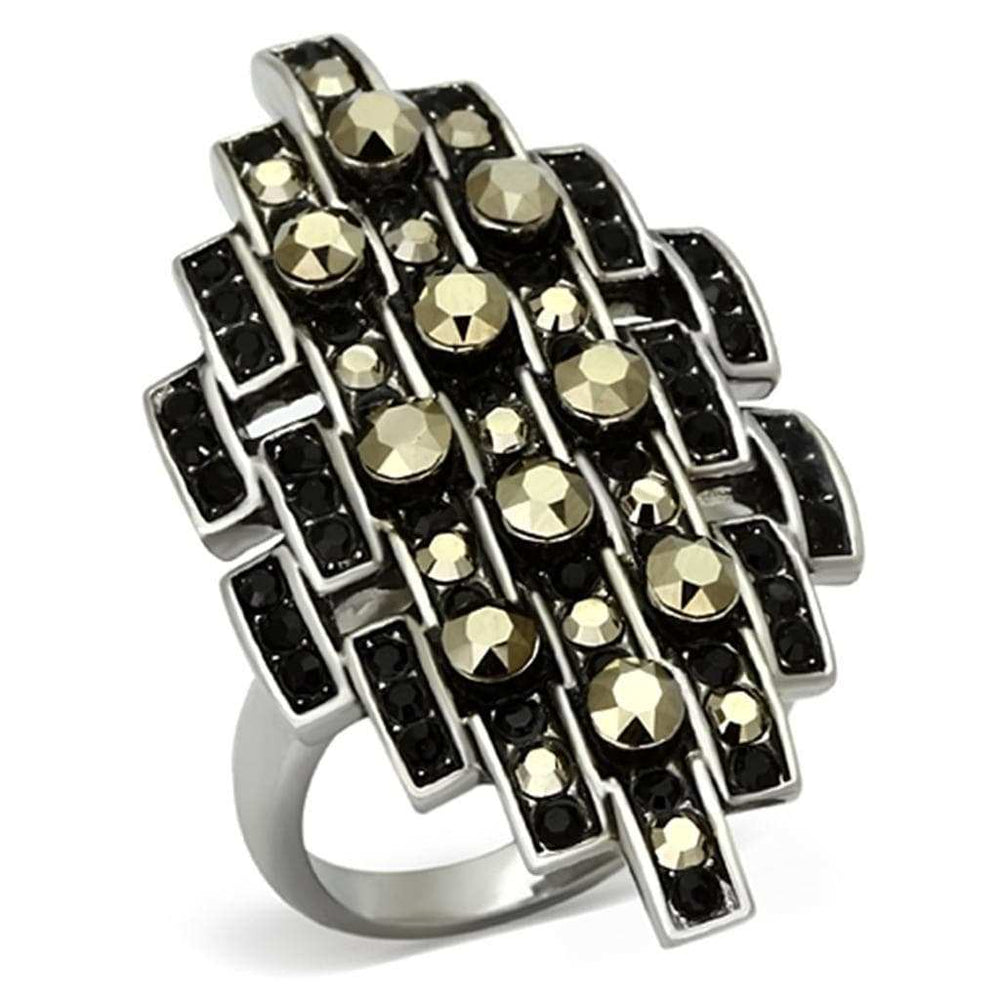 TK1136 - High polished (no plating) Stainless Steel Ring with Top Grade Crystal in Jet - Alamode - Flyclothing LLC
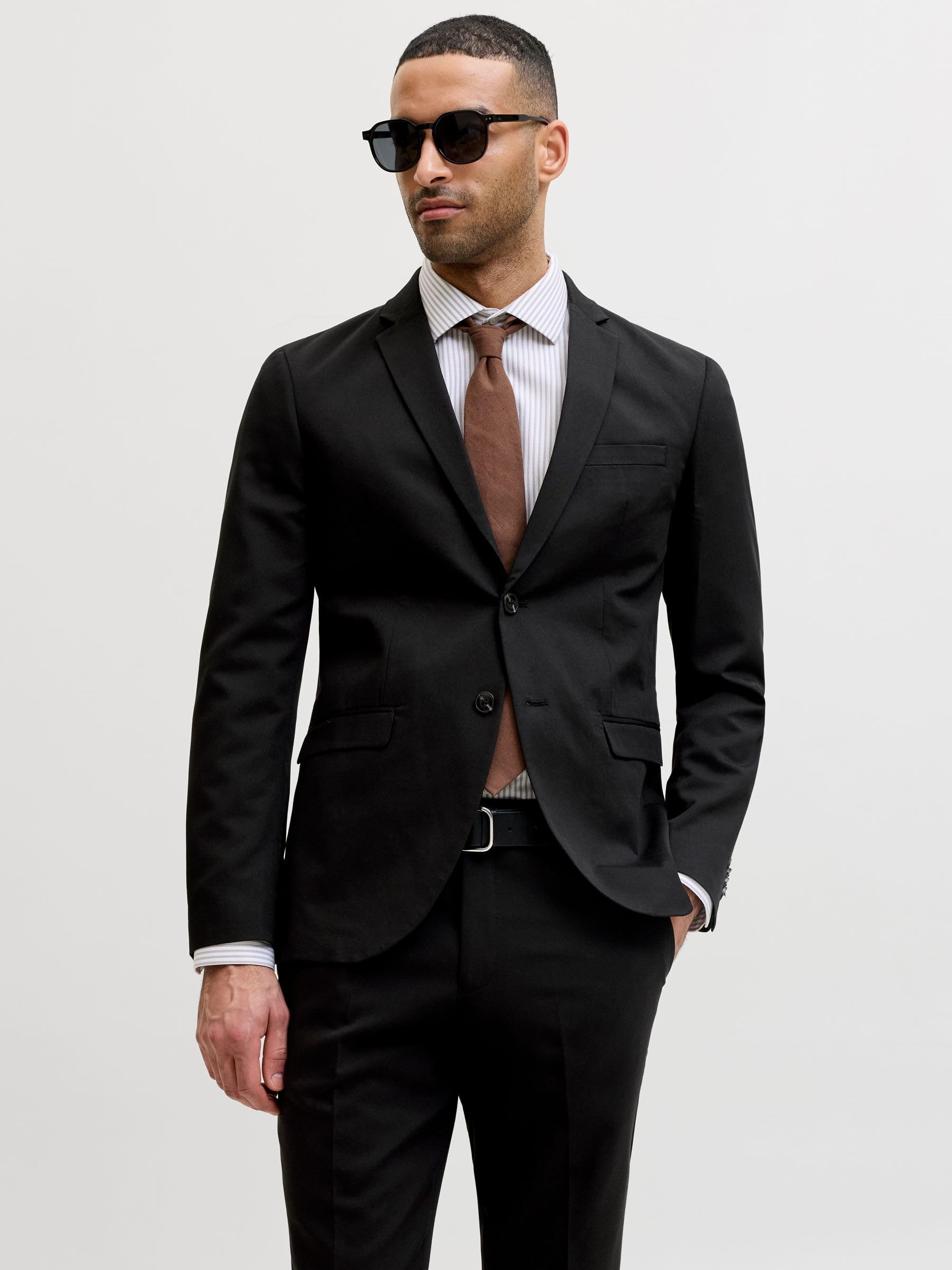 JACK & JONES Marynarka męska jednorzędowa Super Slim Fit, czarny, 56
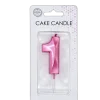 1 Jaar Kaars Roze Metallic 6cm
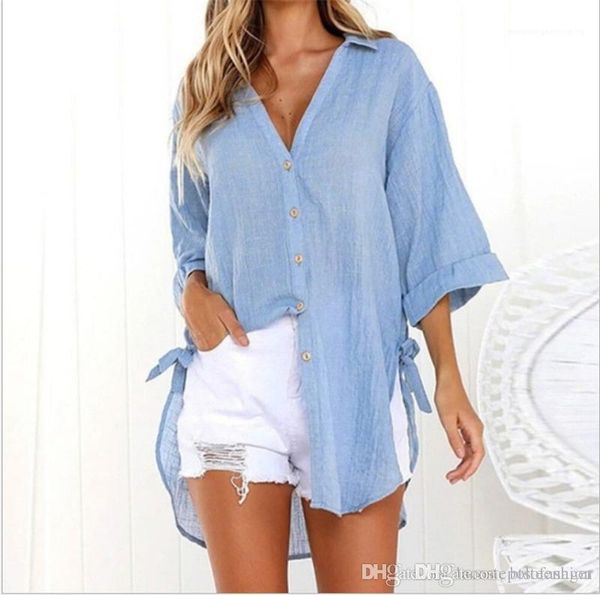 v neck casual shirt ladies autumn designer womens long sleeve shirt fashion irregular hem button, White
v neck casual shirt ladies autumn designer womens long sleeve shirt fashion irregular hem button, White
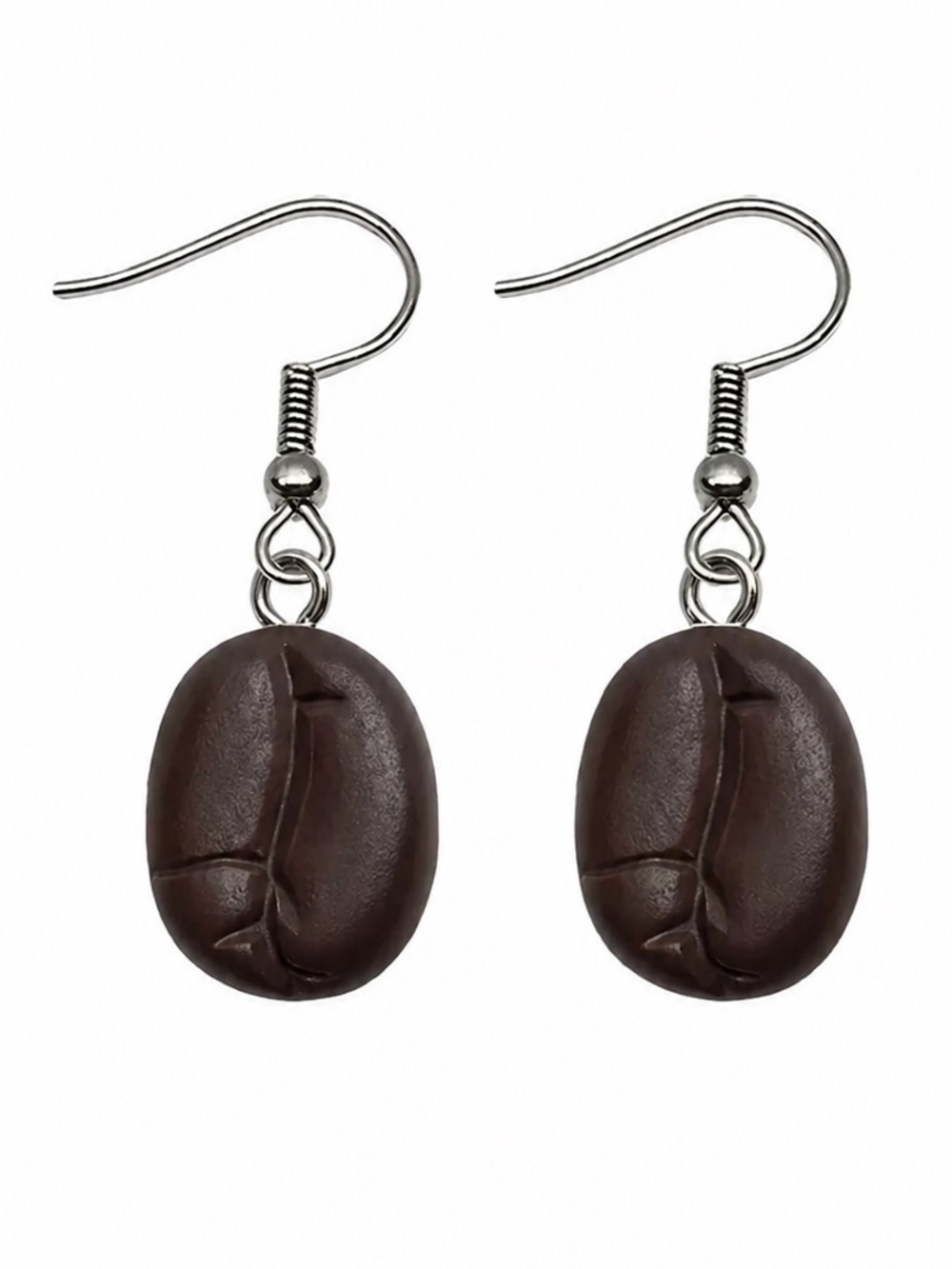 Coffee Bean Dangle Earrings - Brown Drop Earrings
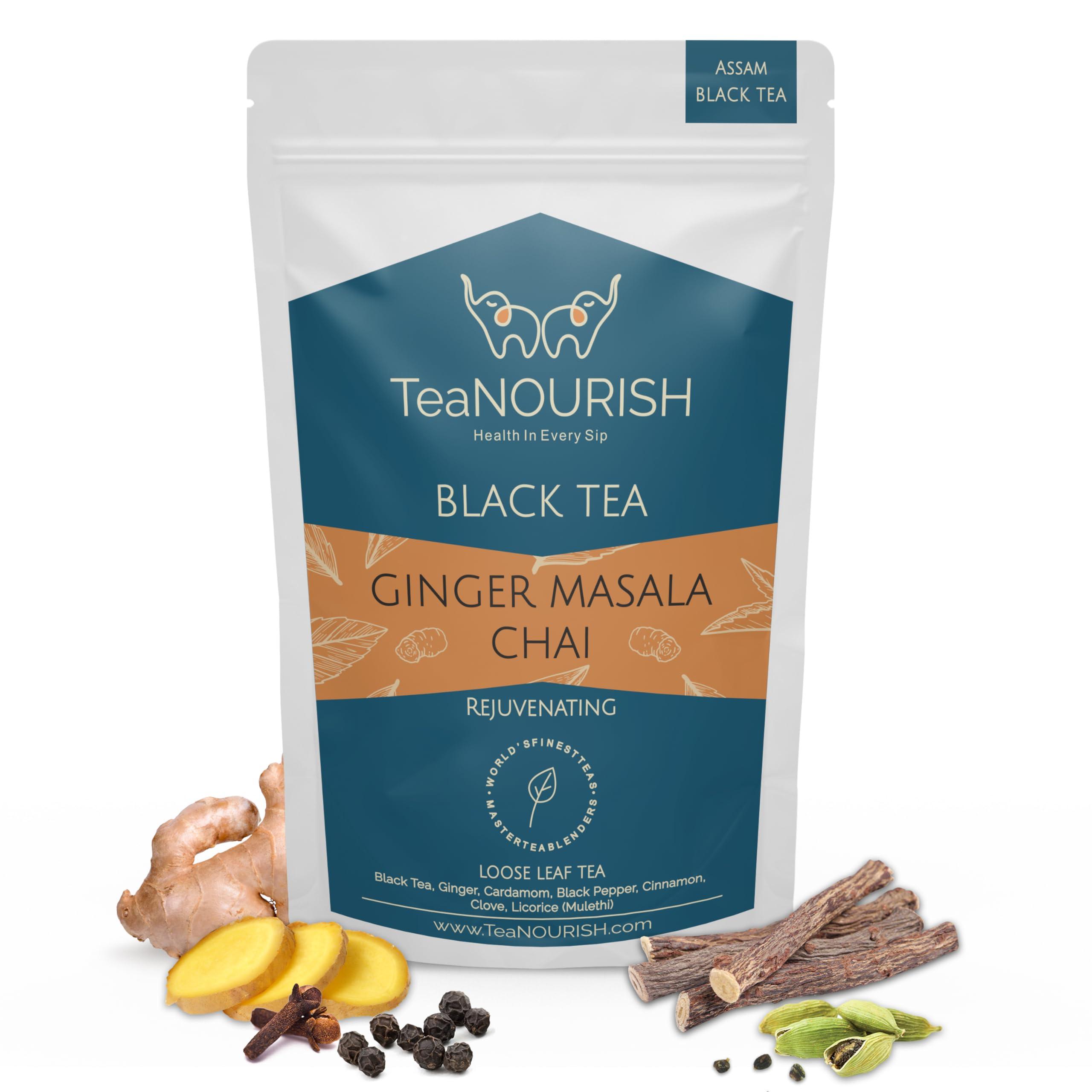 TeaNOURISH Ginger Masala Chai Tea | Assam CTC Loose Black Tea | Blended with Authentic Indian Spices | Indian Ginger Tea | 100% NATURAL INGREDIENTS - 3.53oz/100g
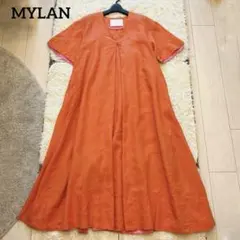 MYLANマイラン Vネックドレス リネンオーバーサイズワンピース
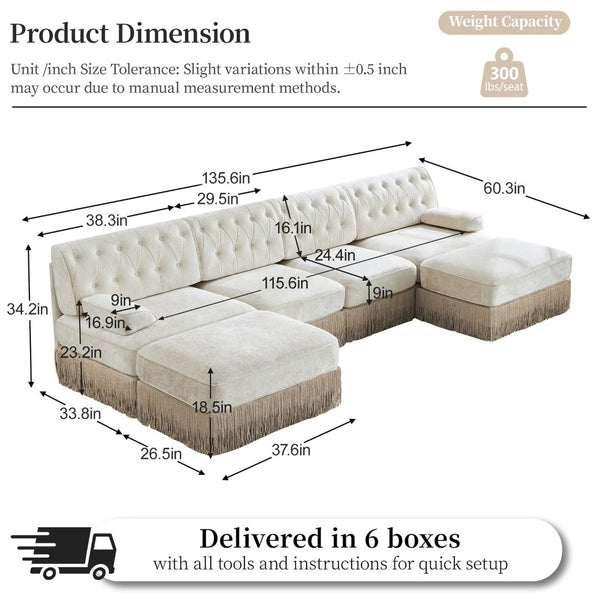 English Elm 4-seater Cloud Sectional with Ottomans Button Tufted Fleece Tassel Skirt Sofa W714S01690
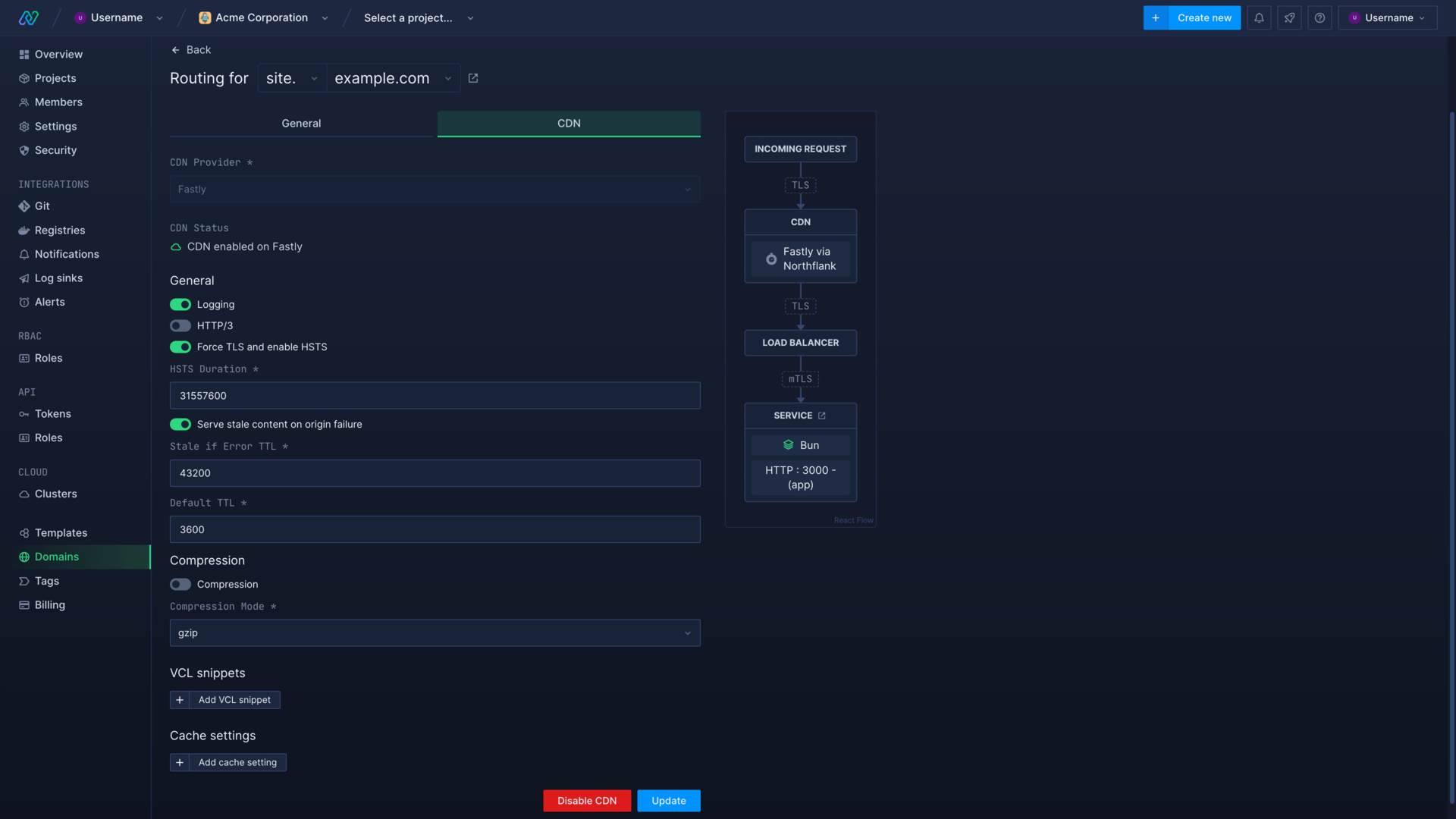 Configuring CDN settings for a subdomain in the Northflank application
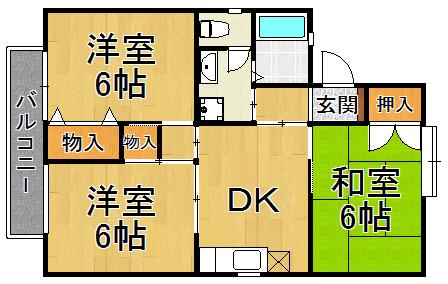 パセオ仁川(3DK/2階)の間取り写真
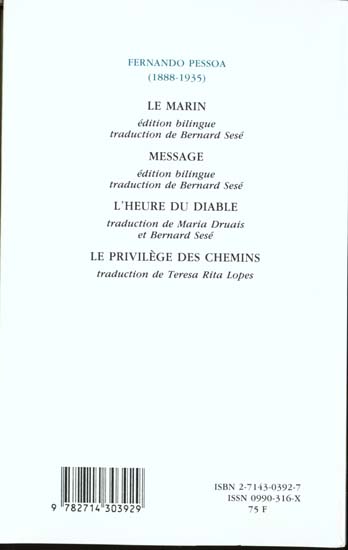Quatrième de couverture de « LE PRIVILEGE DES CHEMINS »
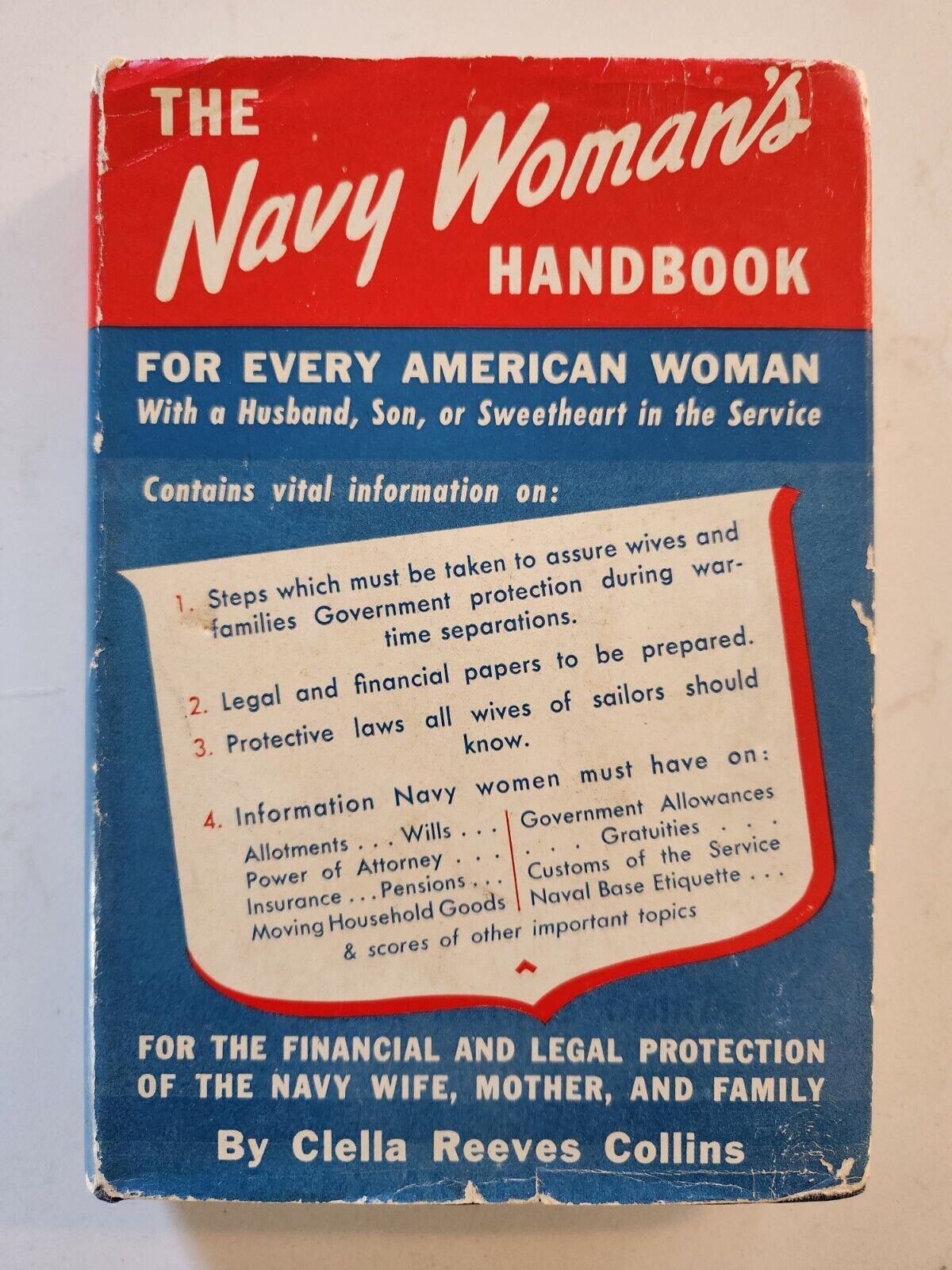 WWII United States Navy Women\'s Handbook 1943 Clella Reeves Collins WW2 US Book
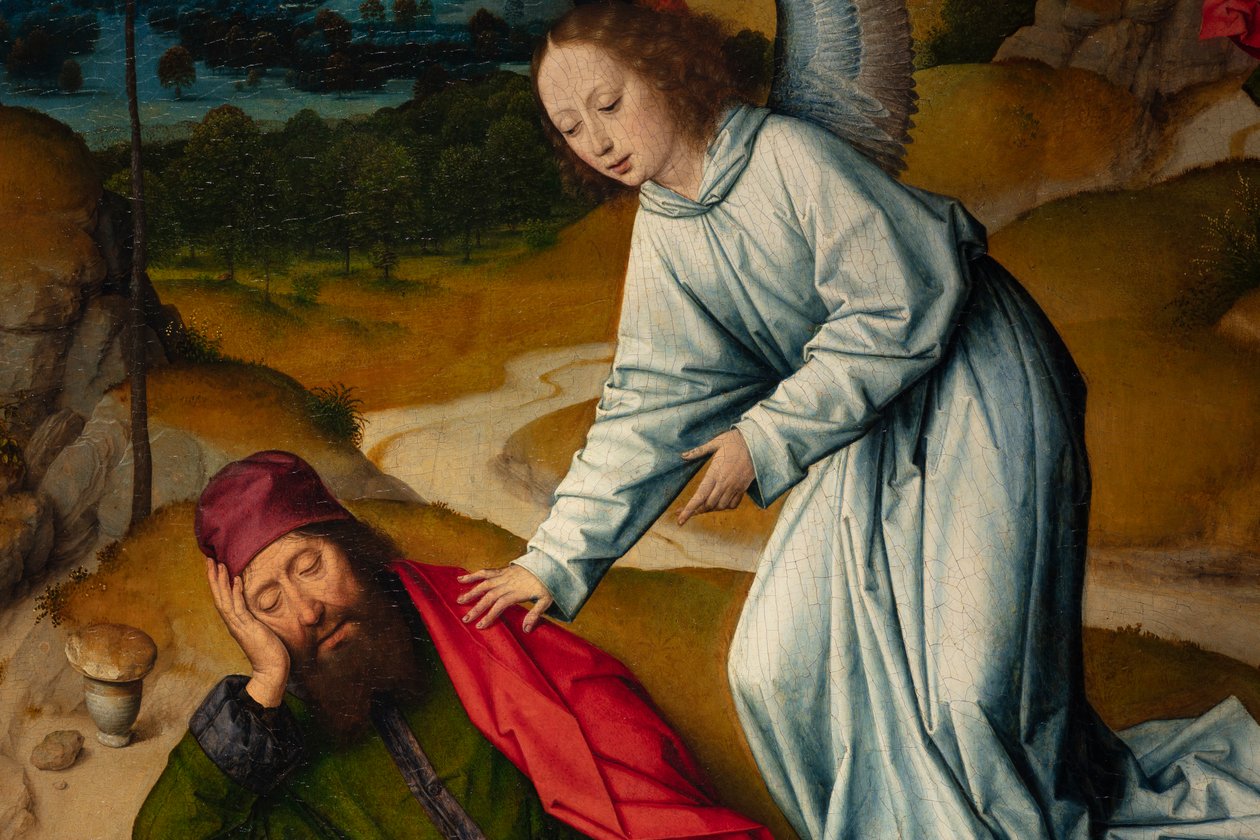Farní kostel (Parochiekerk Sint-Pieter). Malování. Poslední večeře. Dirk Bouts. 1464-1468. Detail. Pravý panel. od Dirck Bouts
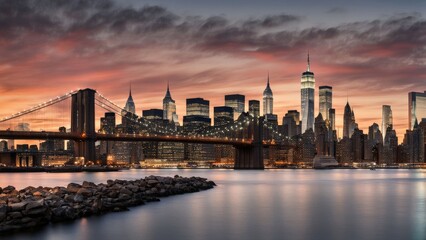 Fototapeta premium city skyline at sunset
==================================================
- _INSTRUCTIONS FOR THE TASK_
Go through the data and return every word of it verbatim, leaving out the pictures.

- _ANSWER SECTION_
 TK1136 - High polished (no plating) Stainless Steel Ring with Top Grade Crystal in Jet - Alamode - Flyclothing LLC
 JACK & JONES Marynarka męska jednorzędowa Super Slim Fit, czarny, 56
 1 Jaar Kaars Roze Metallic 6cm
 v neck casual shirt ladies autumn designer womens long sleeve shirt fashion irregular hem button, White
v neck casual shirt ladies autumn designer womens long sleeve shirt fashion irregular hem button, White
 Coffee Bean Dangle Earrings - Brown Drop Earrings
 TeaNOURISH Ginger Masala Chai Tea | Assam CTC Loose Black Tea | Blended with Authentic Indian Spices | Indian Ginger Tea | 100% NATURAL INGREDIENTS - 3.53oz/100g
 MYLANマイラン Vネックドレス リネンオーバーサイズワンピース
 English Elm 4-seater Cloud Sectional with Ottomans Button Tufted Fleece Tassel Skirt Sofa W714S01690
 Configuring CDN settings for a subdomain in the Northflank application
 パセオ仁川(3DK/2階)の間取り写真
Quatrième de couverture de « LE PRIVILEGE DES CHEMINS »
 WWII United States Navy Women\'s Handbook 1943 Clella Reeves Collins WW2 US Book
Farní kostel (Parochiekerk Sint-Pieter). Malování. Poslední večeře. Dirk Bouts. 1464-1468. Detail. Pravý panel. od Dirck Bouts
 Fototapeta premium city skyline at sunset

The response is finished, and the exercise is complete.